Problem to work on: Where the data below shows a picture, leave that picture out and copy the rest exactly.

Material provided:
--- START ---

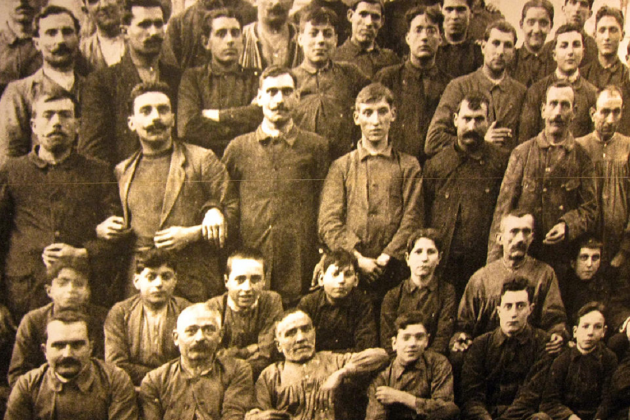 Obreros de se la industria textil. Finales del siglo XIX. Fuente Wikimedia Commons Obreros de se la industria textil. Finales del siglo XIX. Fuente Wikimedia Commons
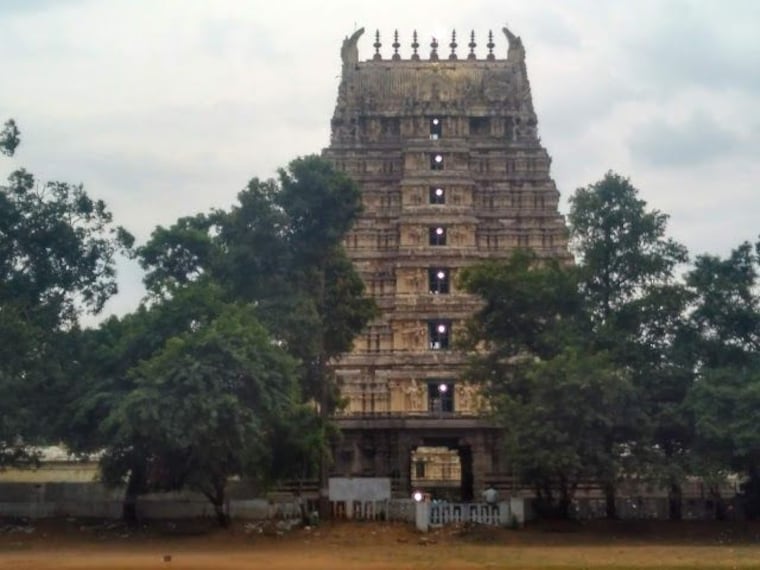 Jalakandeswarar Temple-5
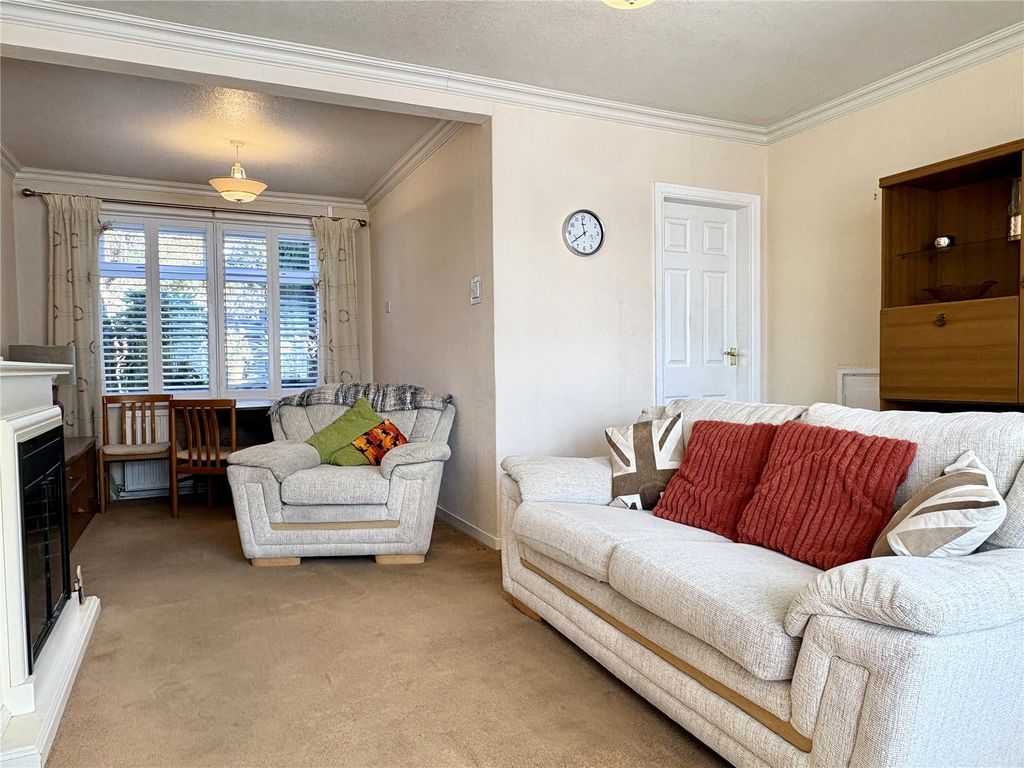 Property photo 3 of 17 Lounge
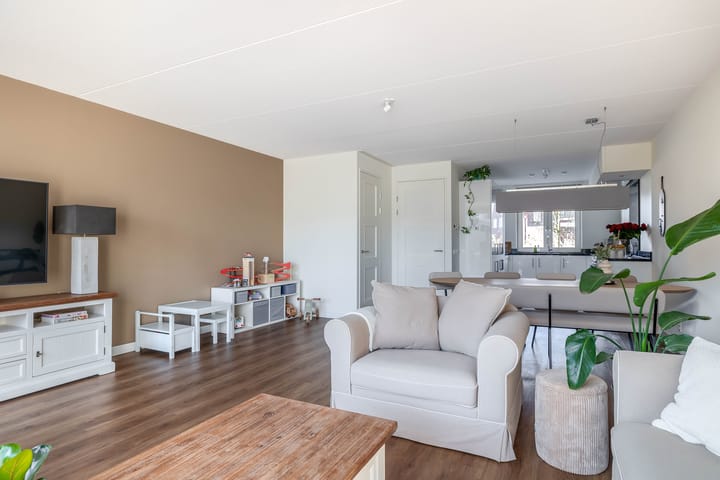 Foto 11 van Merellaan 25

--- END ---

Task answer:
 Obreros de se la industria textil. Finales del siglo XIX. Fuente Wikimedia Commons Obreros de se la industria textil. Finales del siglo XIX. Fuente Wikimedia Commons
 Jalakandeswarar Temple-5
 Property photo 3 of 17 Lounge
 Foto 11 van Merellaan 25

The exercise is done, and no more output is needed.